Mideast crisis in Manhattan,
By Shoshana Kordova, Haaretz (Israel), February 7, 2005
"A controversial movie depicting pro-Israel students' allegations of intimidation at the hands of Columbia University professors is only the first step in a campaign needed to fight the "new anti-Semitism" rampant on American college campuses, Minister Natan Sharansky said at the first Jerusalem screening of "Columbia Unbecoming." Deploring the fact that only a small amount of Jewish students are willing to complain publicly about anti-Semitic and anti-Israel sentiments, the minister of Jerusalem and Diaspora affairs compared today's college students to a group with which he is more familiar: Russian Jews who kept silent because they feared state retaliation if they spoke out about their plight. "The future leaders of American Jewry are becoming 'Jews of Silence,'" Sharansky said Saturday night at the Menachem Begin Heritage Center, where the movie was shown to an audience of about 400. "There are islands of anti-Semitism, and these islands are student campuses," said Sharansky, who has visited 26 American college campuses as part of his "Back to the Campus' initiative. "And all this is done in the name of academic freedom." Indeed, both sides of the intimidation complaints at the Ivy League university in New York are wielding the sword of academic freedom, with each party claiming its own liberties are being suppressed by the other ... But professors say the allegations stifle their freedom to express pro-Palestinian views, with one calling it a campaign against critics of Israel. "This witch-hunt aims to stifle pluralism, academic freedom, and the freedom of expression on university campuses in order to ensure that only one opinion is permitted, that of uncritical support for the State of Israel," Prof.

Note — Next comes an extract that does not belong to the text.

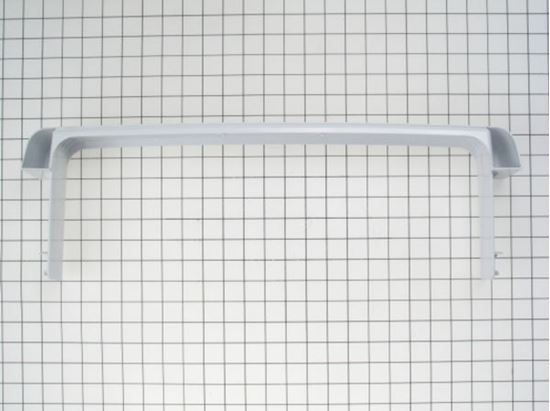 Picture of GE General Electric RCA Hotpoint Sears Kenmore Refrigerator FIXED DOOR SHELF - Part# WR17X11889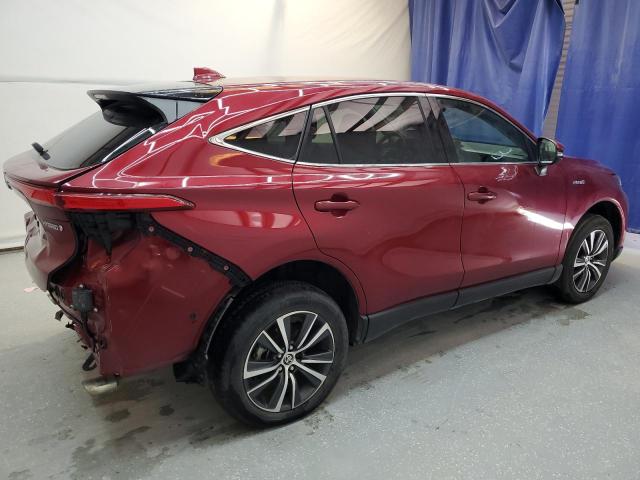 Photo 3 from auction – 2021 TOYOTA VENZA LE with VIN JTEAAAAHXMJ035958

Joseph Massad of the Middle East department wrote on his Web site. The New York Civil Liberties Union recently endorsed the professors' positions. In a December 20 letter to Columbia's president, Lee Bollinger, the organization said "the claims of incivility of professors in their treatment of students seem, in this case, to be inextricably bound to the ideological disputes between certain professors and the students advancing these claims... Thus, the criticism of these academics must be seen for what it is: an assault upon principles of academic freedom and upon political speech."